- _Task material_:
((

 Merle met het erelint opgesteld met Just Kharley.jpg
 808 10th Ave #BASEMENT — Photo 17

))
((

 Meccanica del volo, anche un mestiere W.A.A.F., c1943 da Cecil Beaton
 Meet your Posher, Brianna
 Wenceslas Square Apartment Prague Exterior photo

))
((

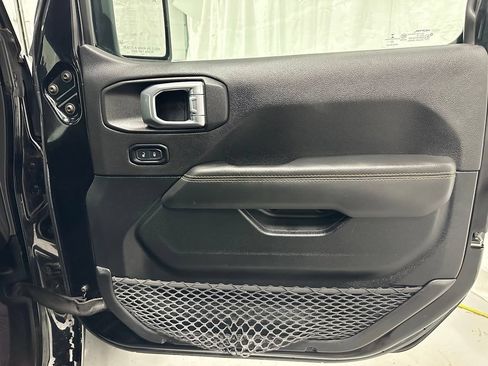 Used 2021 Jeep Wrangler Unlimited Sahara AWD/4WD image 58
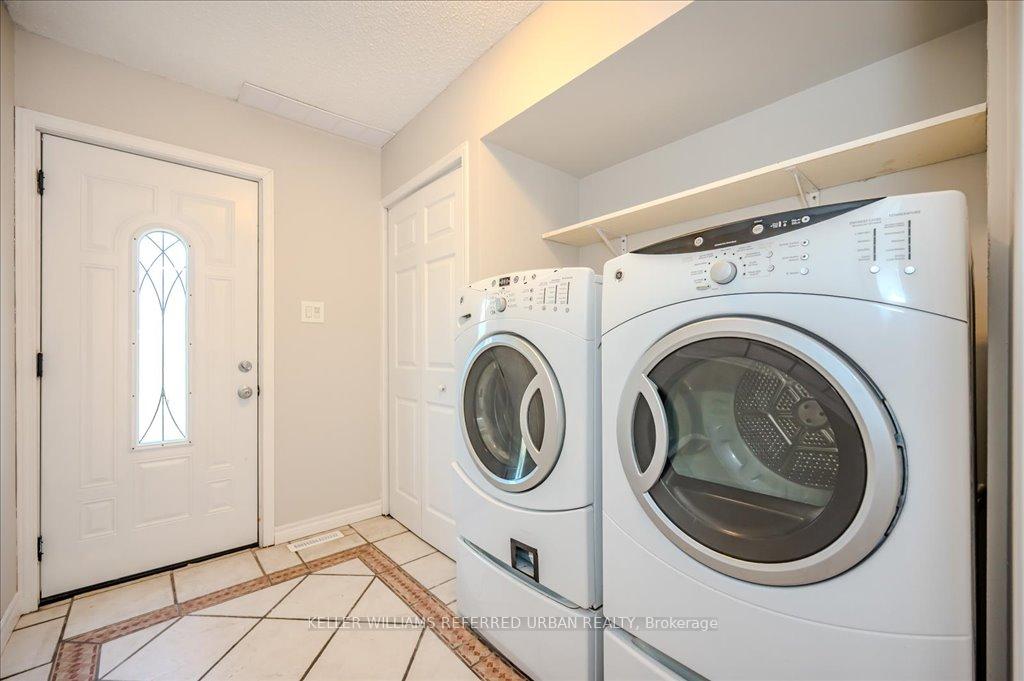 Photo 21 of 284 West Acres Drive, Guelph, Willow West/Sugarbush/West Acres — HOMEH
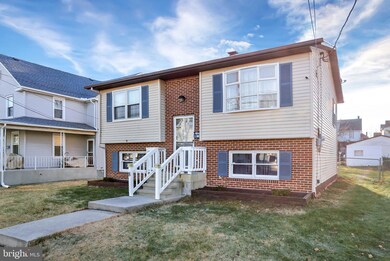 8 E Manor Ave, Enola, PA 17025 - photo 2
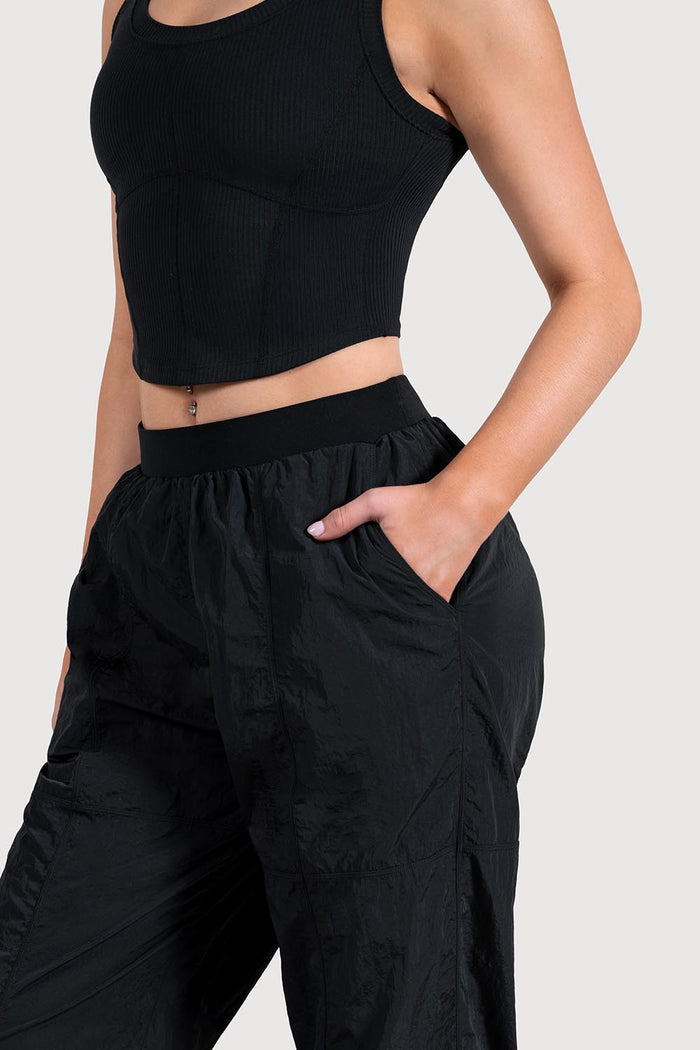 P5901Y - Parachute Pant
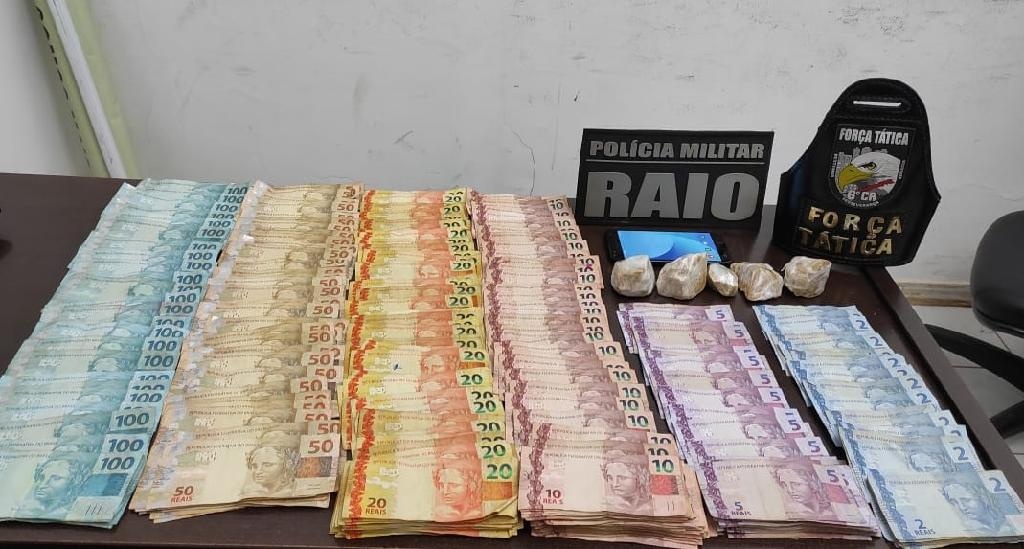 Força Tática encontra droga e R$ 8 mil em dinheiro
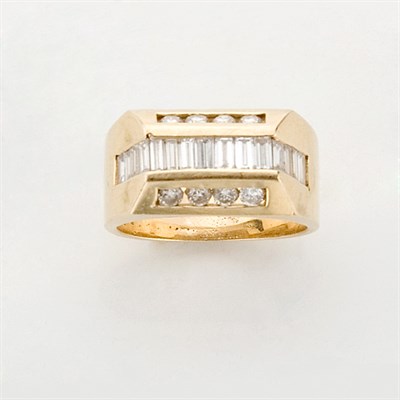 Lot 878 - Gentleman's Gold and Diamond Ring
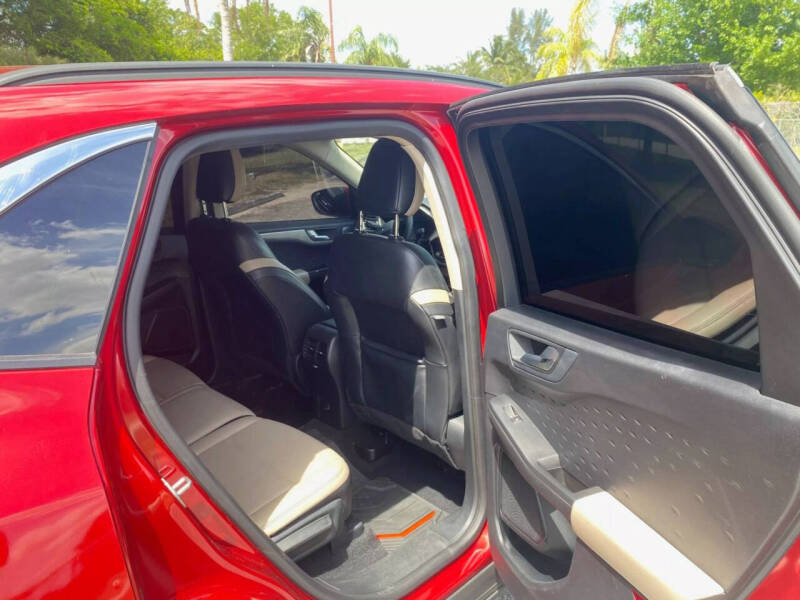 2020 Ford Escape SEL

))

- _Problem to work on_:
In the listing above, find the line containing "Photo 21 of" and the line containing "2020 Ford Escape SEL", then return both of them and every line between, exactly, without pictures.

- _Written solution_:
 Photo 21 of 284 West Acres Drive, Guelph, Willow West/Sugarbush/West Acres — HOMEH
 8 E Manor Ave, Enola, PA 17025 - photo 2
 P5901Y - Parachute Pant
 Força Tática encontra droga e R$ 8 mil em dinheiro
 Lot 878 - Gentleman's Gold and Diamond Ring
 2020 Ford Escape SEL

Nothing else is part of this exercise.